On Monday at 7:00 am, the New Glasgow Regional Police Major Crime Unit executed a search warrant at a home on Martin Avenue in New Glasgow.
Police say that search warrant is the result of a lengthy child pornography investigation.
During the search, police seized several items including a cell phone and laptop.
As a result, a 16-year-old male from Pictou County was arrested at the home and charged with Possession of Child Pornography, and Distribution of Child Pornography.
He was held in custody and will be appearing in Provincial Court in Pictou in February.
The Provincial government is investing $245,000 to help the Pictou West Food Bank relocate to a more accessible building.

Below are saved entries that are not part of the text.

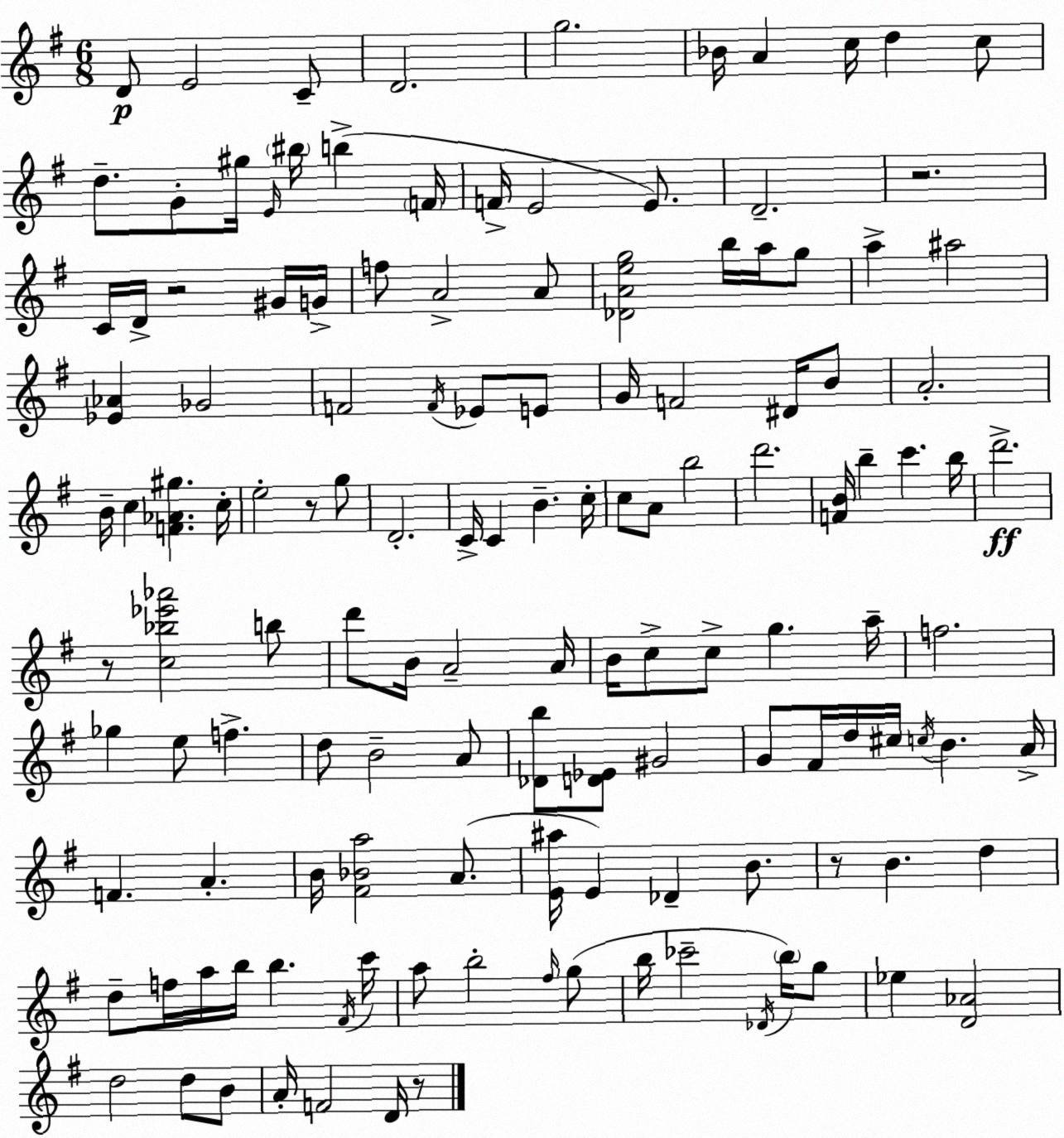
X:1
T:Untitled
M:6/8
L:1/4
K:G
D/2 E2 C/2 D2 g2 _B/4 A c/4 d c/2 d/2 G/2 ^g/4 E/4 ^b/4 b F/4 F/4 E2 E/2 D2 z2 C/4 D/4 z2 ^G/4 G/4 f/2 A2 A/2 [_DAeg]2 b/4 a/4 g/2 a ^a2 [_E_A] _G2 F2 F/4 _E/2 E/2 G/4 F2 ^D/4 B/2 A2 B/4 c [F_A^g] c/4 e2 z/2 g/2 D2 C/4 C B c/4 c/2 A/2 b2 d'2 [FB]/4 b c' b/4 d'2 z/2 [c_b_e'_a']2 b/2 d'/2 B/4 A2 A/4 B/4 c/2 c/2 g a/4 f2 _g e/2 f d/2 B2 A/2 [_Db]/2 [D_E]/2 ^G2 G/2 ^F/4 d/4 ^c/4 c/4 B A/4 F A B/4 [^F_Ba]2 A/2 [E^a]/4 E _D B/2 z/2 B d d/2 f/4 a/4 b/4 b ^F/4 c'/4 a/2 b2 ^f/4 g/2 b/4 _c'2 _D/4 b/4 g/2 _e [D_A]2 d2 d/2 B/2 A/4 F2 D/4 z/2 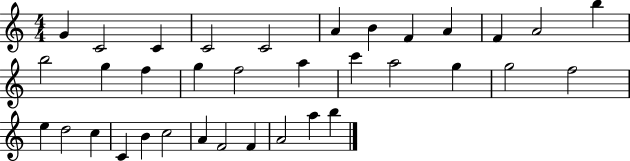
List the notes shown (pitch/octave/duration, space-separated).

G4/q C4/h C4/q C4/h C4/h A4/q B4/q F4/q A4/q F4/q A4/h B5/q B5/h G5/q F5/q G5/q F5/h A5/q C6/q A5/h G5/q G5/h F5/h E5/q D5/h C5/q C4/q B4/q C5/h A4/q F4/h F4/q A4/h A5/q B5/q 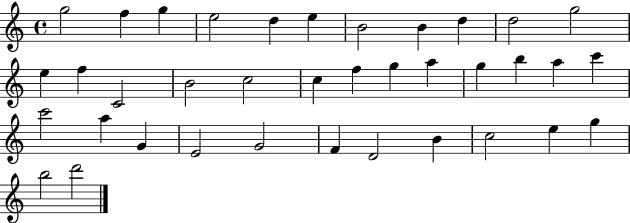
X:1
T:Untitled
M:4/4
L:1/4
K:C
g2 f g e2 d e B2 B d d2 g2 e f C2 B2 c2 c f g a g b a c' c'2 a G E2 G2 F D2 B c2 e g b2 d'2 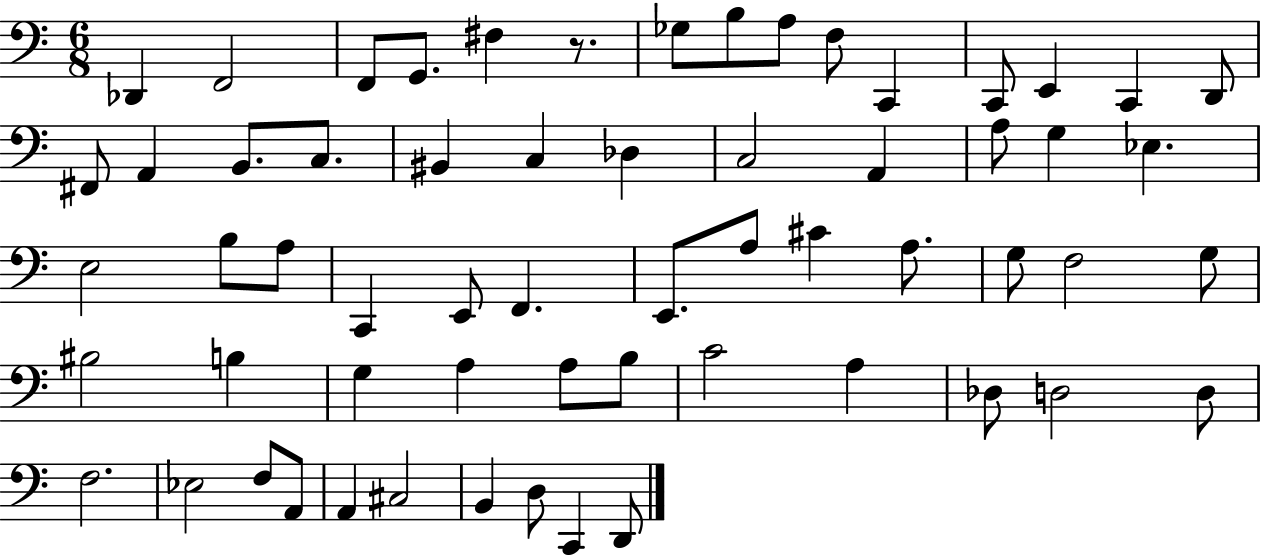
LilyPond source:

{
  \clef bass
  \numericTimeSignature
  \time 6/8
  \key c \major
  des,4 f,2 | f,8 g,8. fis4 r8. | ges8 b8 a8 f8 c,4 | c,8 e,4 c,4 d,8 | \break fis,8 a,4 b,8. c8. | bis,4 c4 des4 | c2 a,4 | a8 g4 ees4. | \break e2 b8 a8 | c,4 e,8 f,4. | e,8. a8 cis'4 a8. | g8 f2 g8 | \break bis2 b4 | g4 a4 a8 b8 | c'2 a4 | des8 d2 d8 | \break f2. | ees2 f8 a,8 | a,4 cis2 | b,4 d8 c,4 d,8 | \break \bar "|."
}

The food bank has operated for 20 years from the basement of Pictou Town Hall in a space with no elevator access or proper washrooms.
Provincial funding will support the move to a 604-square-metre facility in downtown Pictou with a fully equipped commercial kitchen and walk-in refrigeration unit.
Officials say the new location offers the potential for a soup kitchen, food and nutrition workshops, and community rentals.
Nova Scotia’s wait list of residents in need of a family doctor or nurse practitioner has reached more than 129-thousand people.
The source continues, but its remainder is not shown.